The Nike Zoom Air Viperfly has been shelved after rival manufacturers expressed concerns that the ‘super shoe’ would allow less gifted athletes to break Usain Bolt’s 100m and 200m world records, according to a report in The Times.
The Viperfly, lauded by Nike as ‘a new paradigm of performance on the track’, is designed specifically for the 100m, which Nike describes as ‘the truest test of human speed’.
Similar to Nike’s record-breaking road shoes – the Vaporfly and the Alphafly – the Viperfly incorporates a carbon plate.

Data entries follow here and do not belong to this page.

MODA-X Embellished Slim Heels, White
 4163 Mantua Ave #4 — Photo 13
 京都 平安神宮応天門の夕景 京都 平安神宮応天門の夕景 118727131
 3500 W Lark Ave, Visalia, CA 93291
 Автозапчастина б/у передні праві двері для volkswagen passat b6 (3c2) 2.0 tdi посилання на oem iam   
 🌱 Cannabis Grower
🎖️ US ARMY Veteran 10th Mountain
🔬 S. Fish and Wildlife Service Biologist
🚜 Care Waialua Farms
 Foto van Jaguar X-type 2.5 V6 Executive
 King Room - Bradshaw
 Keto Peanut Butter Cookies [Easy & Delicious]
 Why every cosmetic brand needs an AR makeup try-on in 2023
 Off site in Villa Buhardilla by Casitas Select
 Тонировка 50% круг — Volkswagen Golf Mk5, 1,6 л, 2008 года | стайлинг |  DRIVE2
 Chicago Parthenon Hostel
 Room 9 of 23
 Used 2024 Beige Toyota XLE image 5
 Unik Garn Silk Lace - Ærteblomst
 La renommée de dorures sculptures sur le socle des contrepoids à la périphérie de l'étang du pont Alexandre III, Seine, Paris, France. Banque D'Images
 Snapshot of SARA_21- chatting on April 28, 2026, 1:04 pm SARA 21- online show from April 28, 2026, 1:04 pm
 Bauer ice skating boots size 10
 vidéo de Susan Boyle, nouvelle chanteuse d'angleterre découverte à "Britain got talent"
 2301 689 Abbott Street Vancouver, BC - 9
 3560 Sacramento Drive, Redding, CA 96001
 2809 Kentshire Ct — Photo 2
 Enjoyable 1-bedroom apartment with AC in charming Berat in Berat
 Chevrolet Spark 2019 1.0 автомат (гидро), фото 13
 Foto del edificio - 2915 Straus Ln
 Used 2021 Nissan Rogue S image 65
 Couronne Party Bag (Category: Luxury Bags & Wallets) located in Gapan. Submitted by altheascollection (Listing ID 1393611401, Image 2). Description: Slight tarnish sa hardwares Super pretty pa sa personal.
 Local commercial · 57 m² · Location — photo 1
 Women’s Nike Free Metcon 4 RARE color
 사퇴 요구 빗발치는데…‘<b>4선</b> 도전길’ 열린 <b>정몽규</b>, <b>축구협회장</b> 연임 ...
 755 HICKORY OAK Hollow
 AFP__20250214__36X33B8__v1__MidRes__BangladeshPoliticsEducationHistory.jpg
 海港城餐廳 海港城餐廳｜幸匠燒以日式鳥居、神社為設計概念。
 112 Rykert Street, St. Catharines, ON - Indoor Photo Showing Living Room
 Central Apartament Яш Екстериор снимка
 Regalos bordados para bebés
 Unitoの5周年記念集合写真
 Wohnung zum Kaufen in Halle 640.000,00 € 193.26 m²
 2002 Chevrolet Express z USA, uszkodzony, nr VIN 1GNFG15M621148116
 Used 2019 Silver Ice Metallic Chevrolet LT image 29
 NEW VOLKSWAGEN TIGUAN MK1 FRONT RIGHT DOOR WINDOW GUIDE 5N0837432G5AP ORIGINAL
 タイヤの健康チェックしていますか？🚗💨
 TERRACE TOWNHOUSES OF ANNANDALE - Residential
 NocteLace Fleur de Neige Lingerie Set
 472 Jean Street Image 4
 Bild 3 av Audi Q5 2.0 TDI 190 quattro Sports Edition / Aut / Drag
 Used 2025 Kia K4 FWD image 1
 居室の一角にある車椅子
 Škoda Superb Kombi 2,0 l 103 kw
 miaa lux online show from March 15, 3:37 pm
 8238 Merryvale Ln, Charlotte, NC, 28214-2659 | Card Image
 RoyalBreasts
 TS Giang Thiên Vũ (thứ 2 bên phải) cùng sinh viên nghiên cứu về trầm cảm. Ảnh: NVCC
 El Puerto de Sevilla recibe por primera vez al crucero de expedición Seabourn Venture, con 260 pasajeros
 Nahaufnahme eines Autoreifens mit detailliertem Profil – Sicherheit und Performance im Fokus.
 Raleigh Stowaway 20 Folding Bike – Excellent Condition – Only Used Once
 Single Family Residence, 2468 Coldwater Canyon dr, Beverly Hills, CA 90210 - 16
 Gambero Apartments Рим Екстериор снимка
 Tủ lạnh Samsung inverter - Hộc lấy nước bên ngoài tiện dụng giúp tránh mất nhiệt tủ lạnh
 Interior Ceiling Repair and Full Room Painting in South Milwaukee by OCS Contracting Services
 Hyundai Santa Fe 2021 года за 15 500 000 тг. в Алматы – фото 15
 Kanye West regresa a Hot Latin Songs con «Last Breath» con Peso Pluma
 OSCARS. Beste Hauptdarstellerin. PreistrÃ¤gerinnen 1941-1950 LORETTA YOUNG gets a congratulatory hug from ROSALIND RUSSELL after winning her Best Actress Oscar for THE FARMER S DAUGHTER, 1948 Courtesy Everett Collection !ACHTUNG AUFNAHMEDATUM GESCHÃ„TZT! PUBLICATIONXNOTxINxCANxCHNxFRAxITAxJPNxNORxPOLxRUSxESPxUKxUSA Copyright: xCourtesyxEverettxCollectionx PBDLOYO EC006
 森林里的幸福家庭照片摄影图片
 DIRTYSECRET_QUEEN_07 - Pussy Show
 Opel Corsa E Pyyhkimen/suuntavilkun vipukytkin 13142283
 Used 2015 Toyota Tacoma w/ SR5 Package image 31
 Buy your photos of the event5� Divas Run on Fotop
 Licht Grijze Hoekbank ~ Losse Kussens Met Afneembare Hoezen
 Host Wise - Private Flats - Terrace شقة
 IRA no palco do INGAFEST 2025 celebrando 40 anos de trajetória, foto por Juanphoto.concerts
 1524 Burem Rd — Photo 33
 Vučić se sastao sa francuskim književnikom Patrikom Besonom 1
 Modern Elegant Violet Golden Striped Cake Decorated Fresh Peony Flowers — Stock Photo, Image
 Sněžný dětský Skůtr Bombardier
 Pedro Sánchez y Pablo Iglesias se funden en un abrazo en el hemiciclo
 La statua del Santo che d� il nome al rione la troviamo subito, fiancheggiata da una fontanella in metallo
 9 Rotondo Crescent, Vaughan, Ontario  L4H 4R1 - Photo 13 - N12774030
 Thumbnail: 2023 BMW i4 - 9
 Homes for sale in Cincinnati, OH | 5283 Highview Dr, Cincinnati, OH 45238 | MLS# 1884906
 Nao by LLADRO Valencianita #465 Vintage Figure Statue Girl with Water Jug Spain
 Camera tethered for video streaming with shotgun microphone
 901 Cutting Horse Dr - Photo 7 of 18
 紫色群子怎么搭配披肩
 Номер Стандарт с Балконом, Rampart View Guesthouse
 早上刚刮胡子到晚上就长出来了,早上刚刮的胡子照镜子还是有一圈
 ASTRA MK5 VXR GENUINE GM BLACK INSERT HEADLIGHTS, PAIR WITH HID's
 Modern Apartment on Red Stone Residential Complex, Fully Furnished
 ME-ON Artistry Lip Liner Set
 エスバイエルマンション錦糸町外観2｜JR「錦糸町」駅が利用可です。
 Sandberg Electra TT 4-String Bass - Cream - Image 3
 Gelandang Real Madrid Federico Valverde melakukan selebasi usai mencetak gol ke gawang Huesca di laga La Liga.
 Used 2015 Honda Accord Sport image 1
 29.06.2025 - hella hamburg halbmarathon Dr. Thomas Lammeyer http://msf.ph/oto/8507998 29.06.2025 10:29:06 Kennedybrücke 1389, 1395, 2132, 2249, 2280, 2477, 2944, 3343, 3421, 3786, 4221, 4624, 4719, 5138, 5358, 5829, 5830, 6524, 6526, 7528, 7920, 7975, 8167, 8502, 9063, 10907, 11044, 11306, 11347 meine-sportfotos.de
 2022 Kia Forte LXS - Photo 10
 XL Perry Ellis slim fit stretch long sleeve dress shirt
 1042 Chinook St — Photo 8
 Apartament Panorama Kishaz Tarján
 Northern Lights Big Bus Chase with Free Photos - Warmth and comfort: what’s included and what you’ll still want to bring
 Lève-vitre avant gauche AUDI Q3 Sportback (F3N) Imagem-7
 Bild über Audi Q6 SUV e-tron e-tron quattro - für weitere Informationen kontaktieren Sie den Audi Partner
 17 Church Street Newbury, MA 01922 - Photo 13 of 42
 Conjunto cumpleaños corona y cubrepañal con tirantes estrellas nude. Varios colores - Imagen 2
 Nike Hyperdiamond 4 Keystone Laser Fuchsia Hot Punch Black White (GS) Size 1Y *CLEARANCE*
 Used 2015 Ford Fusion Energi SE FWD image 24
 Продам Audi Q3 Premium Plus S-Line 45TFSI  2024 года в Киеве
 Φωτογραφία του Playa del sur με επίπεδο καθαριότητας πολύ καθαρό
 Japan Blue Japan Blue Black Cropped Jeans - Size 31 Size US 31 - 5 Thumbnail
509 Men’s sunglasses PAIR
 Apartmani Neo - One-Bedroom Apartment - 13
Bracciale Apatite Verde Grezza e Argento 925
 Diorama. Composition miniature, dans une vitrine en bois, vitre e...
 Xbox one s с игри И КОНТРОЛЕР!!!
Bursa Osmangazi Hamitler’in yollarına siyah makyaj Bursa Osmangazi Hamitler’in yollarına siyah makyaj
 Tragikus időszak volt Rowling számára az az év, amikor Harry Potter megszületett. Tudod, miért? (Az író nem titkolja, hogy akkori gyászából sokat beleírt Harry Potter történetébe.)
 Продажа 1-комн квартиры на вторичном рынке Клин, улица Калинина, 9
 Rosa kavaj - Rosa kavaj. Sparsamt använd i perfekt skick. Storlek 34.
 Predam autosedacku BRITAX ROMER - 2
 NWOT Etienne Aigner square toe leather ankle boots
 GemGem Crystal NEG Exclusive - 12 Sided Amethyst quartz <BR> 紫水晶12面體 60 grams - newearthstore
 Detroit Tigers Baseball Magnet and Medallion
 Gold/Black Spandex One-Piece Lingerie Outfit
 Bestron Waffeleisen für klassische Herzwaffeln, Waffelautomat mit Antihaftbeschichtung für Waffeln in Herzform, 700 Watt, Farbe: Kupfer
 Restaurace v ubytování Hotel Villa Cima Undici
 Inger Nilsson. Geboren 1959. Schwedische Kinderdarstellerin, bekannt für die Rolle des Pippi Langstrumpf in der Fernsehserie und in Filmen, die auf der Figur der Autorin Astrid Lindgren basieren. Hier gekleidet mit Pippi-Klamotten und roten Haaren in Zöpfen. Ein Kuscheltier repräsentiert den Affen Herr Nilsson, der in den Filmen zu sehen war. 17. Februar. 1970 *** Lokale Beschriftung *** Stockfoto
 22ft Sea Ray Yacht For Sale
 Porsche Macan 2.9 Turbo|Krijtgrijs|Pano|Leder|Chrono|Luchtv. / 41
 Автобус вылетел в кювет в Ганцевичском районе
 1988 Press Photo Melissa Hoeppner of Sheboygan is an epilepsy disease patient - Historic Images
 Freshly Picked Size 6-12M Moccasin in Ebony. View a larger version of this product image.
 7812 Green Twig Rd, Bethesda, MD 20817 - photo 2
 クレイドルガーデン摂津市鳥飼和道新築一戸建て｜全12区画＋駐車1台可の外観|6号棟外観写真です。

However, when one shoe company reported remarkable results from testing the spikes, concerns were raised that Bolt’s 100m and 200m records would be obliterated.
Bolt, regarded as the best male sprinter of all time, ran his records (9.58 for 100m and for 19.19 for 200m) in Puma spikes.
The Times reports: ‘The shoe was originally due for release last summer but was never put forward to World Athletics for approval and was not on the list of approved shoes published by the sport’s global governing body last August.’
Experts said ‘the shoe may not have met the new criteria for approval amid concerns that its spike plate was acting as a secondary spring’.
Sources have suggested, however, that a revised version of the Viperfly could yet be adorning the feet of sprinters at the Tokyo Olympics this summer.